Yalta Mountain Forest Reserve – Explore Caves, Craters and Waterfalls
Ukraine is a country that is biologically rich in flora and fauna occupying landscapes of varying types, from rocky mass areas to mountainous regions. This has led to large-scale biodiversity conservation in an attempt to preserve natural habitats for future use, unchanged by human destruction and pollution.
The Yalta Mountain Forest Reserve was established in 1973, covering a large area of land ranging from the Aiya Cape, along the Black Sea coast, to the mountainous region called Ayu-Dag. The Yalta Mountain Reserve was first formed in an attempt to provide protection specifically to forest ecosystems that occur naturally in the mountains. These forests are usually made up of trees like the beech, oak, juniper, hornbeam and the Crimean pine.
The Yalta Reserve has a strip of forest that is approximately ten kilometers long by four kilometers wide that covers a substantial area. The forest stretches from the coast of the Black Sea all the way up to the Golovnyi range of Crimean mountains and comes under the control of the State Committee of Forestry. Apart from the forests the Yalta Forest Reserve has crystal clear waterfalls, rocks and craters to climb over and caves waiting to be discovered and enjoyed by all.

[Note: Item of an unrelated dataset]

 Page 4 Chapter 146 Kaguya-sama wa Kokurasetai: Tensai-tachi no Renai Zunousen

The Yalta forests have been closely examined in an attempt to record the distribution of Ascomycetes in specifically pine and beech tree forests. The results have been interesting with over nineteen new species of Ascomycetes having been found for the first time in the Crimea region. In general the species of Ascomycetes that prevails the most in the area includes the Diatrypales, Xylariales and Diaportale species. Included in this is a total of fifty species that have been found generally on dry stems, pieces of plants and on twigs making up seventeen families, seven orders all belonging to thirty-two genera.

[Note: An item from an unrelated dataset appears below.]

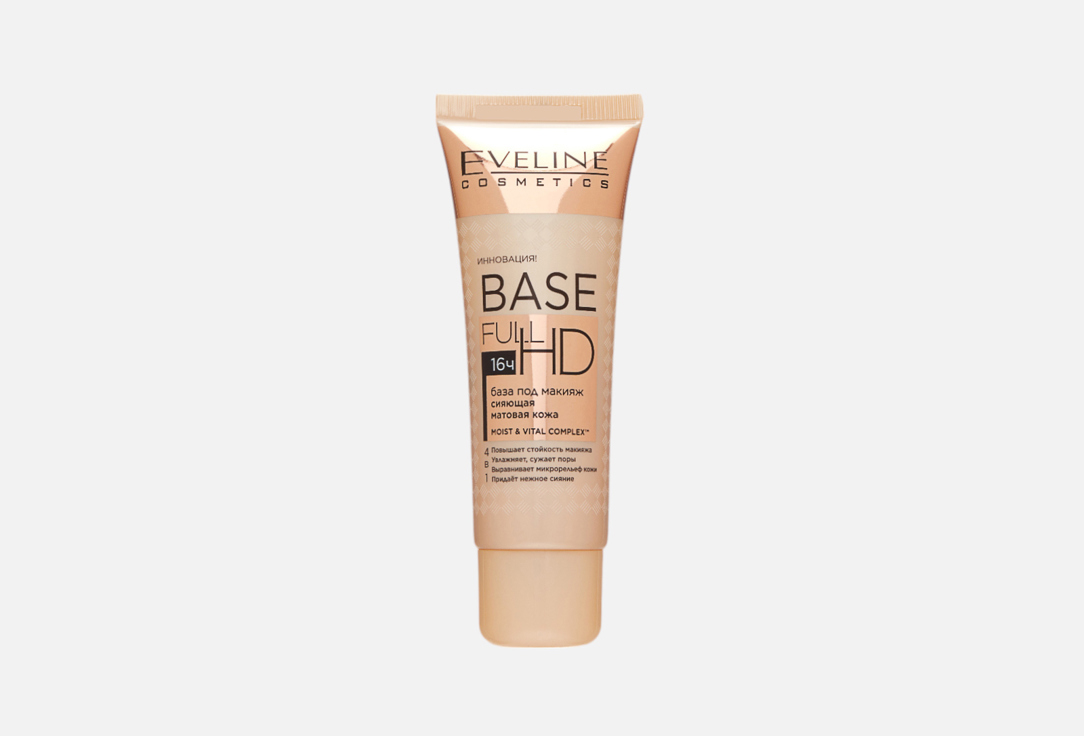 Base Full HD 30 мл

The Yalta Mountain Forest Reserve has recently experienced some changes that have been in the pipeline for over thirty years. The Yalta authorities are taking fifteen hectares of land in order to develop a rubbish recycling plant that will service the Yalta and other surrounding areas. With the removal of fifteen hectares of land means that the Reserve will experience border changes redefining the protected piece of land.